Know what to expect: Mortgage Brokers and Loan Officers
When you apply for a mortgage , you need to know the difference between a loan officer and a mortgage broker. It's easy to confuse these because both will give the same outcome: a new home. But as you enter your application process, it can help if you know how they differ.
A mortgage broker (either a firm or an individual) is an independent agent for both the mortgage loan applicant and the lender. A mortgage broker facilitates things between you and your lender, which can be one of the following: a bank, trust company, credit union, mortgage corporation, finance company or even an individual investor. Acting as a facilitator between you and your lender, your mortgage broker can match you with a bank, trust company, credit union, mortgage corporation, finance company or even a private investor.

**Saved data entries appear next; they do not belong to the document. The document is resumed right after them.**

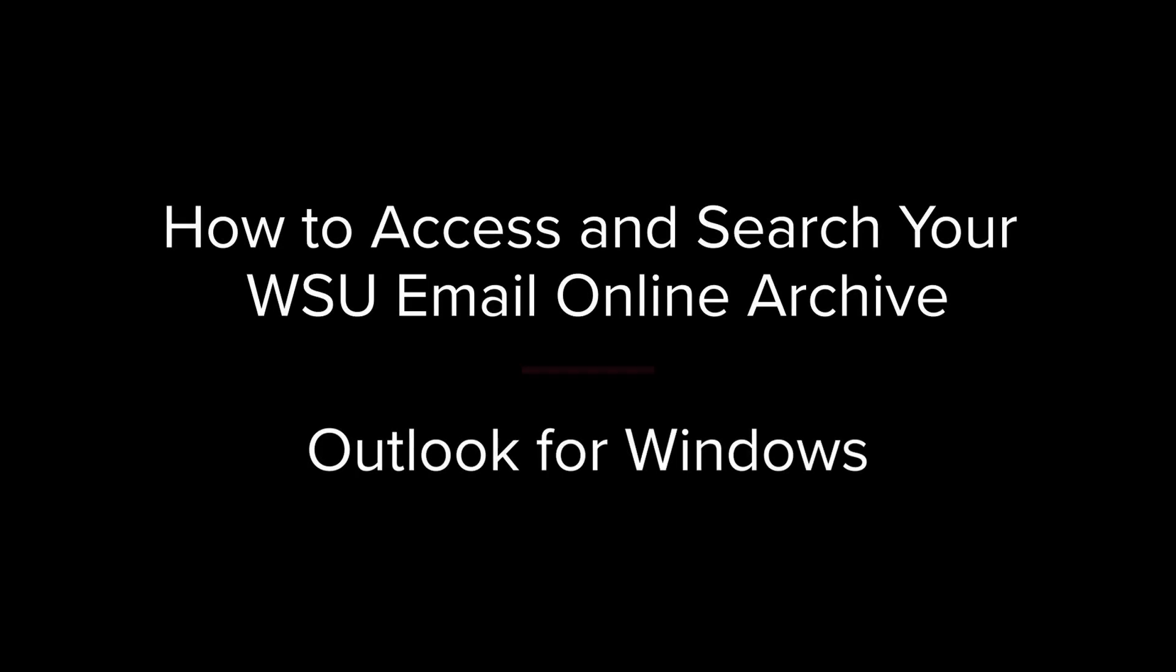In this video, we are demonstrating how to access and search your WSU email online archive on Outlook for Windows.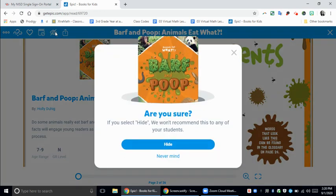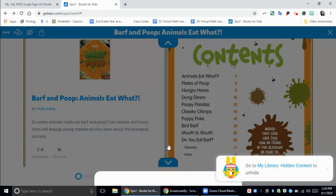When you click on that, a notification will pop up and say if you select hide, we won't recommend this to any of your students. So even if your student types in the title in the search bar, it will not come up — it'll block access to all students in your class. So you would select hide.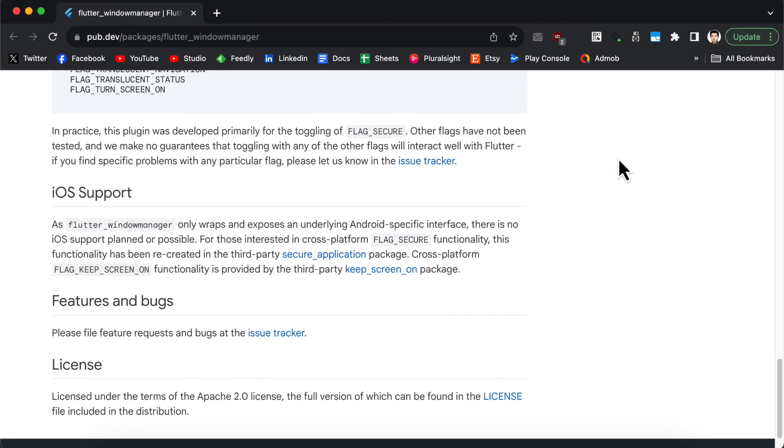If you want to implement this in iOS you can use the secure application package. That's it for this video, I hope this was helpful. Thanks for watching, I will see you in the next video.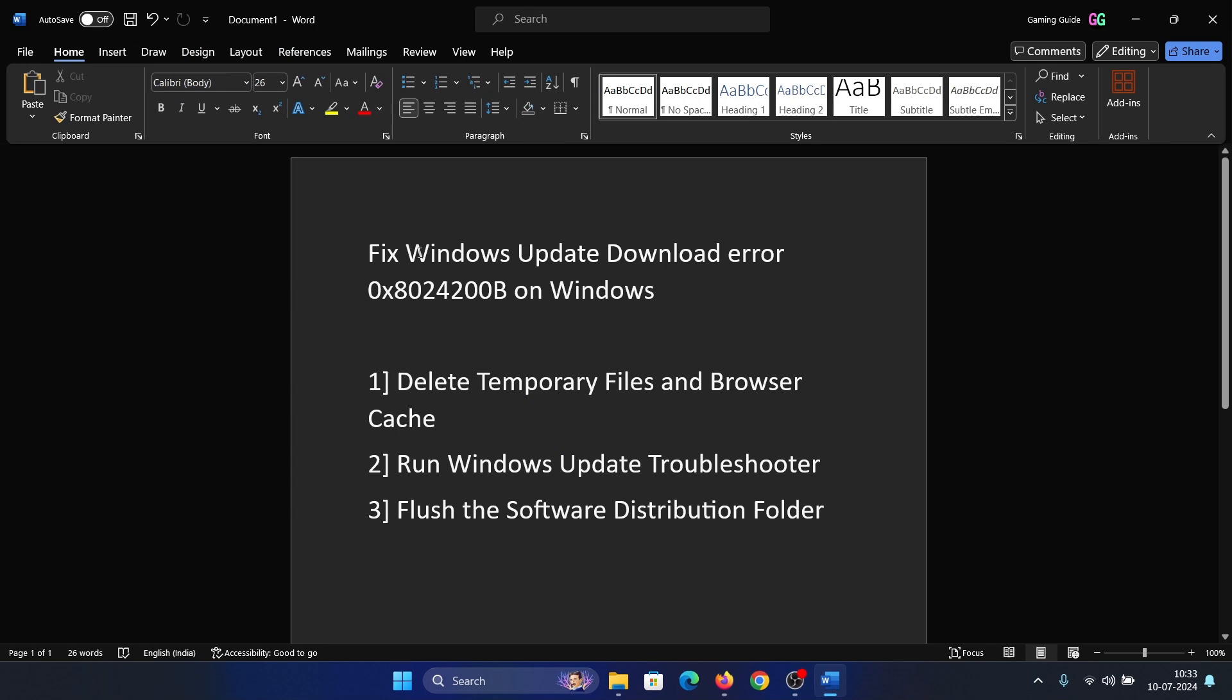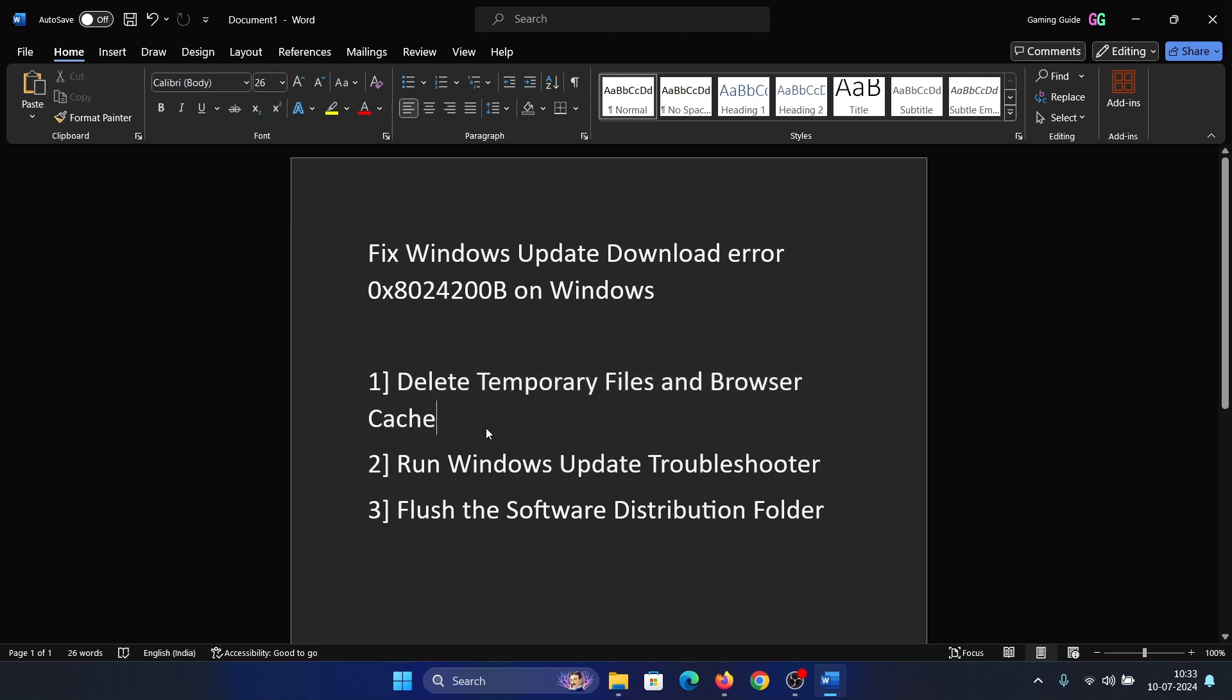Hey friends, if you encounter Windows Update download error 0x8024200B on your Windows computer, then please watch this video. I will guide you to the resolutions. Now, the first solution is to delete the temporary files and browser cache associated with Windows Update specifically.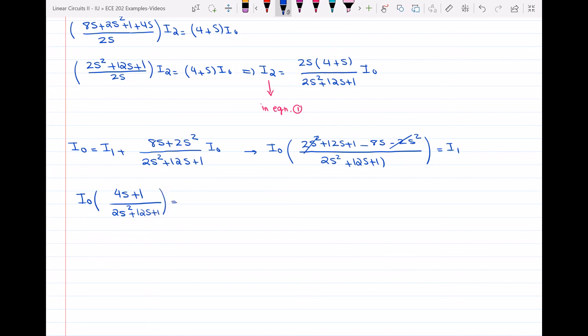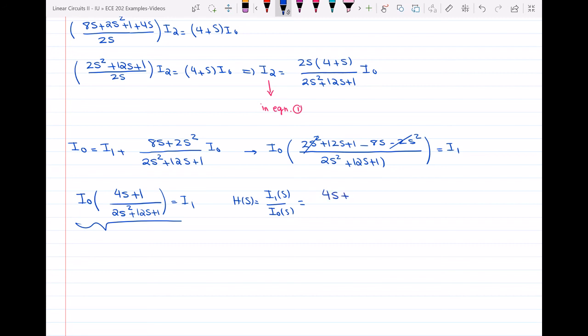I know the transfer function I'm looking for is I1(S)/I0(S), so dividing both sides by I0, the transfer function is (4S + 1)/(2S² + 12S + 1).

You work with a mortgage broker to look at your financial situation and find the lender who has the best loan program for you. Your broker will offer your mortgage loan application to one or more lenders, and works with the lender of choice until closing. Upon closing, the broker's commission is paid by the borrower.
About Loan Officers
The biggest difference between a mortgage broker and a loan officer is that a mortgage banker is employed by a lending institution (a bank, credit union, or others) to process loans solely from the products of that institution. There can be a wide range of loans types to draw from even though all are products of that particular lending institution.
Also called a "loan representative" or "account executive," a mortgage banker acts of behalf of the borrower to the lending institution. The loan officer will help you through the selection, processing and loan closing. Mortgage bankers are given a commission or salary for their work by their employers.